Da un centro si passa a due centri e di questi due ne vengono fuori tre: quello deqqua cioè Campo de’ Fiori, quello dellà cioè Trastevere, un deqqua e un dellà del dellà. Sono proprio quelli che abitano questo secondo polo di gravità che si contendono con quelli del deqqua del dellà il primato di “noantri”, di veri romani.
L’emblema di questa parte di roma è Wilma: “ladri, zoccole, delinquenti, mica come li signori che se sò comprato tutto e c’hanno cacciato dalle nostre case e mo vojiono mescolasse a noi… a noi ce rode proprio er core. Un po’ a tutti a roma rode er core.”
Alla bottegaia che inveisce contro l’igiene rovina delle pasticcerie, si sostituisce il raffinato francesista Giuseppe Scaraffia, scrittore degli scrittori dandy per il quale Roma è una città dei balocchi dove puoi veramente trovare il pozzo magico di Fantasia, il bellissimo cartoon disneyano.
Scaraffia è un intellettuale che non può che vivere in centro “perché ha un bisogno fisiologico della bellezza”. La sua casa è piena di “charme eccentrico a coprire sotteranei grovigli”, quelle della Torri d’Avorio, ultimo, notevole libro dedicato alle dimore degli scrittori francesi. Per lui Campo de’ Fiori e Piazza Farnese sono divenute radical chic e i veri romani “grassi e linguacciuti” sono quelli del ghetto dentro cui abita insieme alla bizantinista Silvia Ronchey che ha da poco dato alle stampe per Rizzoli una biografia della filosofa alessandrina Ipazia.
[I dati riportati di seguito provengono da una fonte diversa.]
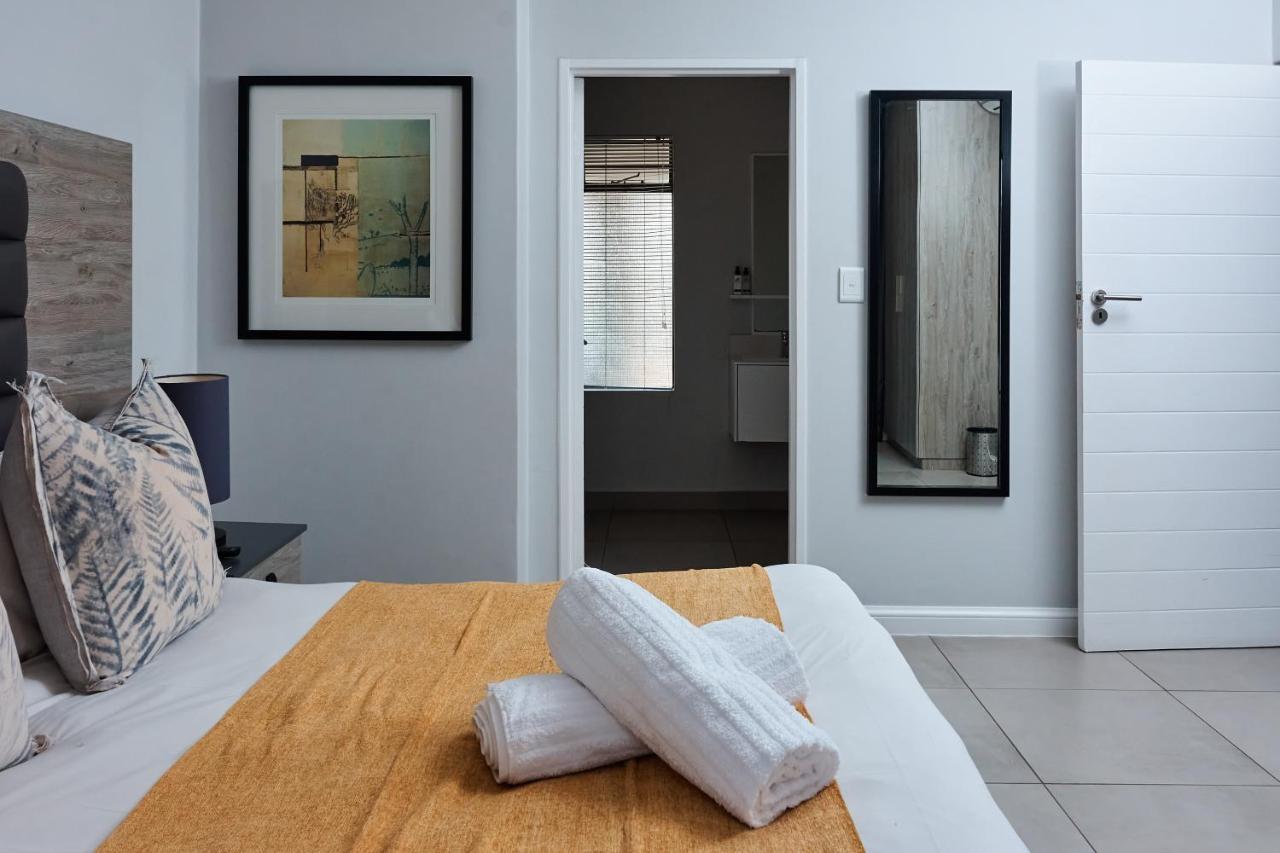 Spacious 2 Bed 2 Bath Wi-fi Netflix Backup Power Apartment *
Nanni Moretti accompagna Sandra verso Testaccio. La fa uscire dalla sua cartografia precostituita. E’ in quel quartiere che, finito il lavoro alla redazione de Il Foglio, fra i vicoli bui fino a ponte Sublicio, con “l’inseparabile bassottina Lubè al guinzaglio”, il direttore Giuliano Ferrara, si avvia a piedi verso il Cremlino, il mastodontico palazzo di piazza dell’Emporio dove hanno abitato molti membri del PCI. Non è più Trastevere. Sotto l’ombra del Colle Aventino la piazza dà sul ponte che conduce a sinistra verso il mercato di Porta Portese e a destra verso la Chiesa di Santa Cecilia. Oggi la buona movida è quella del Nuovo Sacher dove Nanni Moretti fa rivivere riti antichi e parte dei convivi artistici della Roma degli anni sessanta. A Roma sopravvive anche l’Azzurro Scipioni dove Silvano Agosti offre ancora in visione la sua lista dei cento film da non perdere, ma Moretti ha voluto e potuto fare una operazione nuova: fare incontrare il passato gloriso del cinema con il presente, e mentre per qualcuno la Corazzata Potmekin era uno spauracchio ecco che al Nuovo Sacher accade il miracolo: Heimat è un successo e occorre replicarlo.
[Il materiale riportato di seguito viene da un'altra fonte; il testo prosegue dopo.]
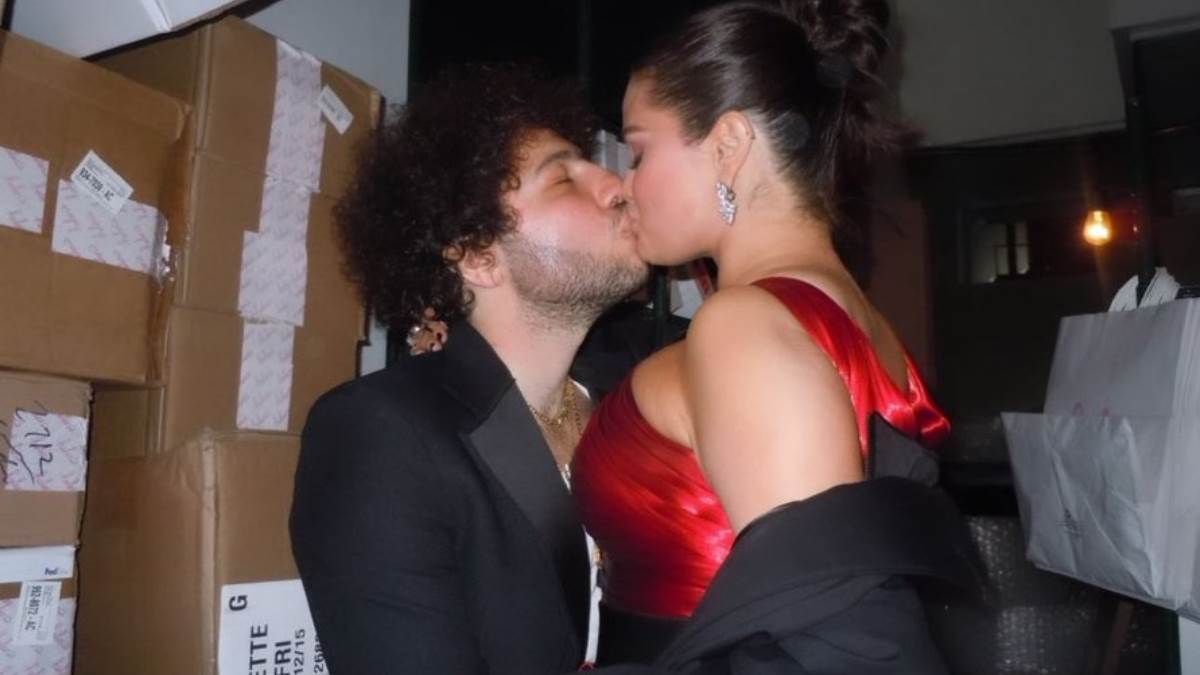 https://www.jagranimages.com/images/newimg/08012024/08_01_2024-selena_gomez_and_benny_blanco_kiss_23624288.jpg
Quella di Sandra Petrignani è una cartografia sentimentale, empatica della capitale, ma che, misteriosamente restituisce alla perfezione un carattere preciso di questa incomparabile città. Il non avere un unico cuore pulsante, il suo essere pluricentrata, o meglio il suo aver perso il baricentro. E la Petrignani lo ricerca con ostinata con caparbietà disinvolta, volutamente e apparantemente non engagée, usando i due metodi della passeggiata (“ciriolando e zoccolando” sono diventati ormai dei modi di dire tra i lettori del libro) e della conversazione. La passeggiata è un atto di vera riappropriazione, una vera trasgressione intimistica. Quella di tuffarsi negli anfratti, nei vicoli, di contemplare i monumenti rileggendone la storia. Un modo di imitare i grandi del passato e il mito del gran tour italico di tanti scrittori stranieri del settecento e dell’ottocento.
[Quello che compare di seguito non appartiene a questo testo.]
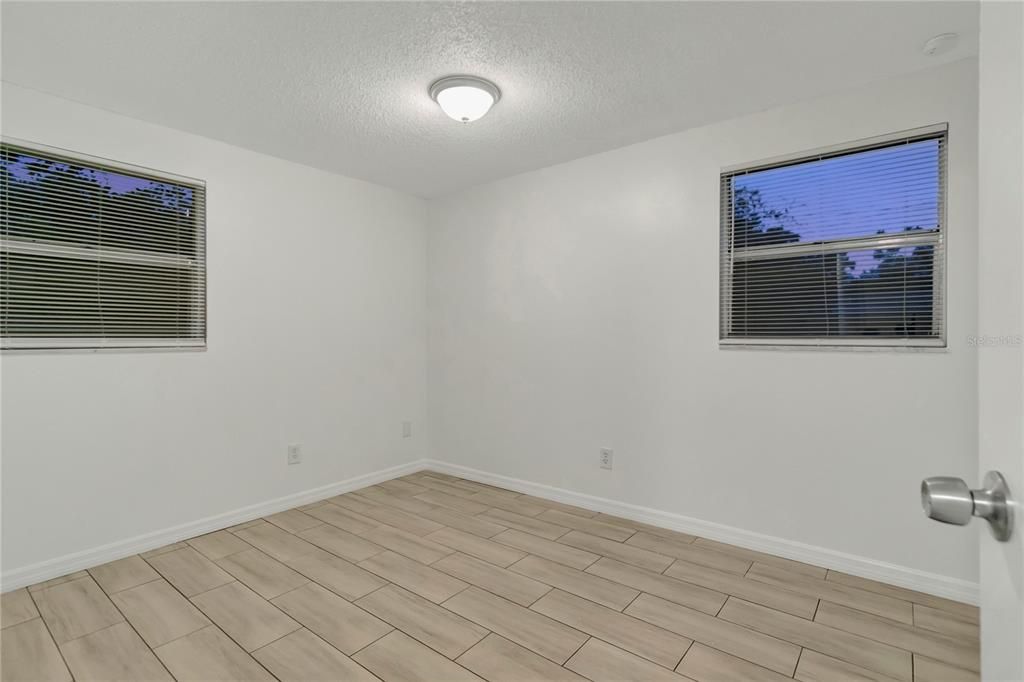 Active With Contract: $245,000 (3 beds, 1 baths, 950 Square Feet)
Ma l’autrice sa che non basta vivere le sacre reliquie del passato con gli strumenti dello sguardo e della visione per riconquistare quello che è tanto vicino da diventare lontano e remoto. Il sogno dell’appartenenza si può realizzare solo attraverso le persone che custodiscono ancora la bellezza e l’amore per il sapere, per la memoria che la sfida può essere vinta. Persone che facciano parlare gli oggetti, i monumenti, le storie di cui sono intrisi e di cui sono stati scenario. Così come fa Daria Galateria.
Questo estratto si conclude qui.